À Tongomayel, les assaillants « ont emporté deux motos et en ont brûlé 16. Ils ont incendié le commissariat et ont accroché un écriteau en arabe » sur lequel figure le nom de Ansarul Islam, a précisé Mohamed Dah. Tandis qu’à Baraboulé, les assaillants ont « emporté deux motos, en ont brûlé deux autres et ont criblé le commissariat de balles », a-t-il précisé. « Lors de leur repli », ils ont « saccagé les portes de la préfecture (voisine de Dyguel) et volé deux ordinateurs ».

Dans la nuit, Mohamed Dah avait affirmé que les attaques avaient eu lieu « quasi simultanément » et qu’un « renfort militaire avait été envoyé sur les lieux ». Il évoquait également la possibilité d’une « diversion » des jihadistes pour attirer les forces de sécurité et pour pouvoir « attaquer des cibles plus importantes ».

Ces attaques surviennent alors que le 25e Festival panafricain du cinéma et de la télévision de Ouagadougou (Fespaco) bat son plein. L’événement attire chaque année des dizaines de milliers de cinéphiles, dont de nombreux étrangers, dans la capitale burkinabè, située à 210 km au sud de Djibo. Le gouvernement avait assuré avoir pris des mesures spéciales pour protéger ce célèbre festival, qui est l’occasion pour le pays de rayonner positivement à travers le continent et le monde.

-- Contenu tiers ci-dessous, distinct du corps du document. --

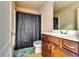 Full bathroom features a vanity with sink and enclosed shower at 2325 Thackery Rd, Snellville, GA 30078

Mais ces attaques rappellent l’acuité de la menace islamiste qui pèse sur le pays. Le groupe Ansarul Islam, qui a signé ces offensives, sévit depuis plusieurs mois dans le nord du Burkina. Dirigé par le Burkinabè Malam Ibrahim Dicko, il avait revendiqué l’attaque, le 16 décembre, d’un détachement de l’armée à Nassoumbou, également dans la province du Soum, qui avait fait douze morts et traumatisé le pays.

Ce raid jihadiste est le plus meurtrier jamais perpétré contre l’armée dans ce pays. Il s’agissait alors de la seconde attaque visant l’armée depuis le début des attaques jihadistes au premier trimestre 2015 au Burkina Faso. En octobre 2016, la première attaque avait fait six morts – quatre militaires et deux civils -, les deux civils ayant été probablement tués par des « tirs amis ».

Frontalier du Mali et du Niger, le nord du Burkina est le théâtre d’attaques jihadistes régulières depuis 2015. Les attaques jihadistes au Burkina Faso sont surtout concentrées dans le nord du pays. Mais le 15 janvier 2016, un commando de trois assaillants a tué 30 personnes et fait 71 blessés en plein cœur de la capitale Ouagadougou. Une attaque revendiquée par le groupe Al-Qaida au Maghreb islamique (AQMI).